A real number is computable if and only if there is a computable
Dedekind cut D converging to it.
So in that sense, Wildberger is correct, the computable reals are
complete, but:
... the set of computable numbers is not closed under basic
operations such as taking the supremum of a bounded sequence, ...
In that sense Wildberger is not correct. I'm confused. Help!

<http://en.wikipedia.org/wiki/Complete_space>
... a metric space M is said to be complete (or
Cauchy) if every Cauchy sequence of points in M has a limit that is
also in M.
Somehow I thought there was an equivalent definition in terms of
Dedekind cuts instead of Cauchy sequences, but I don't see it on
that WikiPedia page. Am I mistaken, or is that page missing it?
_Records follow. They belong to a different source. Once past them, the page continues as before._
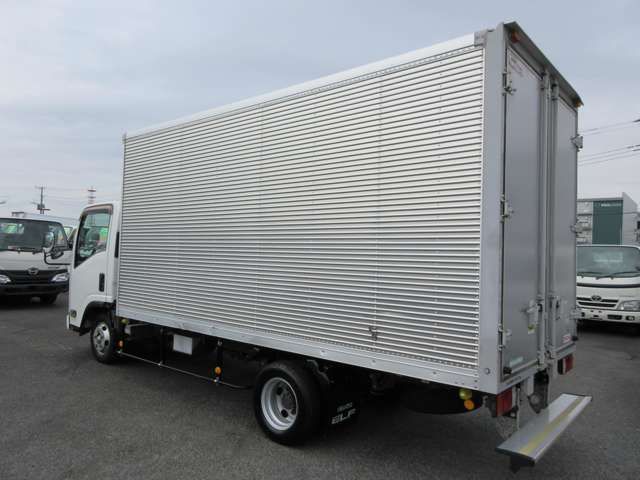 ISUZU  2016 Image 31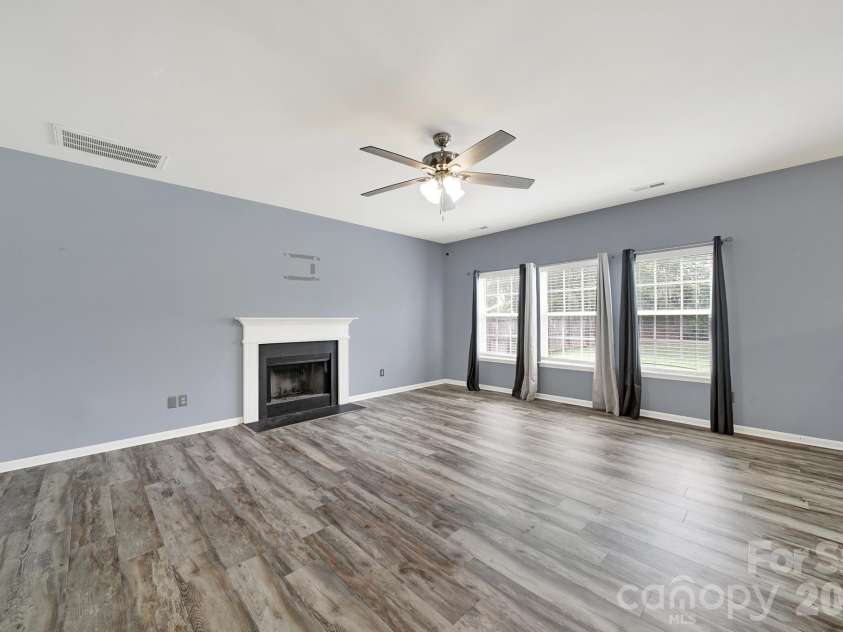898 Coach House Court, Rock Hill, SC 29730.  MLS# CAR4403477, YatesRealty ID 40437. 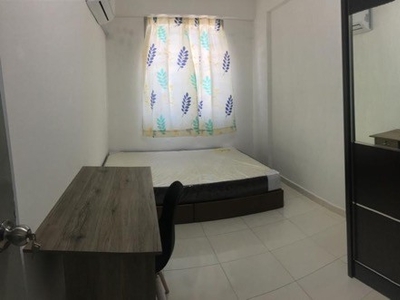 Middle Room @ Sri Saujana near Komtar, ICT Mall, First Avenue & Jen Hotel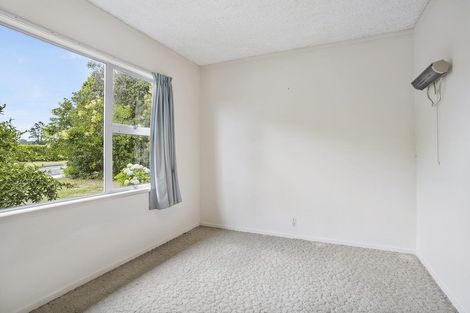 Photo of property in 2/1 Golf Road, New Lynn, Auckland, 0600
Thinking about the difference: Given a computable nested-interval
sequence (with each endpoint rational, and interval diameter
approaching zero), that defines or determines a computable Dedekind
cut (decision function on rationals), because for any rational not
exactly at the cut point we simply run the nested-interval process
long enough to exclude the rational one way or the other, which is
all we need for definining the computable Dedekind cut in the case
of non-rational cut point. So in all such cases the computable
nested-interval sequence directly defines the computable Dedekind
cut. For rational cut point, we simply use the natural algorithm
for testing whether a rational number is strictly less than the cut
rational or not, where not includes a surefire test for equality.
In that case the computable nested-interval sequence doesn't define
the rational number, but in theory it "determines" it, and in fact
is *is* computable (every rational is computable).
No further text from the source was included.